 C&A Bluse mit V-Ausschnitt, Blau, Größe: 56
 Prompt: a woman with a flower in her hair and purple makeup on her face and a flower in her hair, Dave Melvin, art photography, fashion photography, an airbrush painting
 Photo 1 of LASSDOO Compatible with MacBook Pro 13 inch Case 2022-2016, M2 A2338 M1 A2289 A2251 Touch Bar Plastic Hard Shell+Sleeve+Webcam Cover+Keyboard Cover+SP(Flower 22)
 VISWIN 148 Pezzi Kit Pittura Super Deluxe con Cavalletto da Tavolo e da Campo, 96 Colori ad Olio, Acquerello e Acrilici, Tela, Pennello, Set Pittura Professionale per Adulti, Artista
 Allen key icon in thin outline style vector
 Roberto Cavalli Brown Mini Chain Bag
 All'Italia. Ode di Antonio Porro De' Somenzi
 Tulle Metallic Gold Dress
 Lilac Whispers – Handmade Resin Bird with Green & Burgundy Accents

----

■ Assignment
Respond with the lines above, from the one that holds "Allen key icon in thin outline style vector" to the end of the listing, each repeated exactly, and with no other material.

■ Solution
 Allen key icon in thin outline style vector
 Roberto Cavalli Brown Mini Chain Bag
 All'Italia. Ode di Antonio Porro De' Somenzi
 Tulle Metallic Gold Dress
 Lilac Whispers – Handmade Resin Bird with Green & Burgundy Accents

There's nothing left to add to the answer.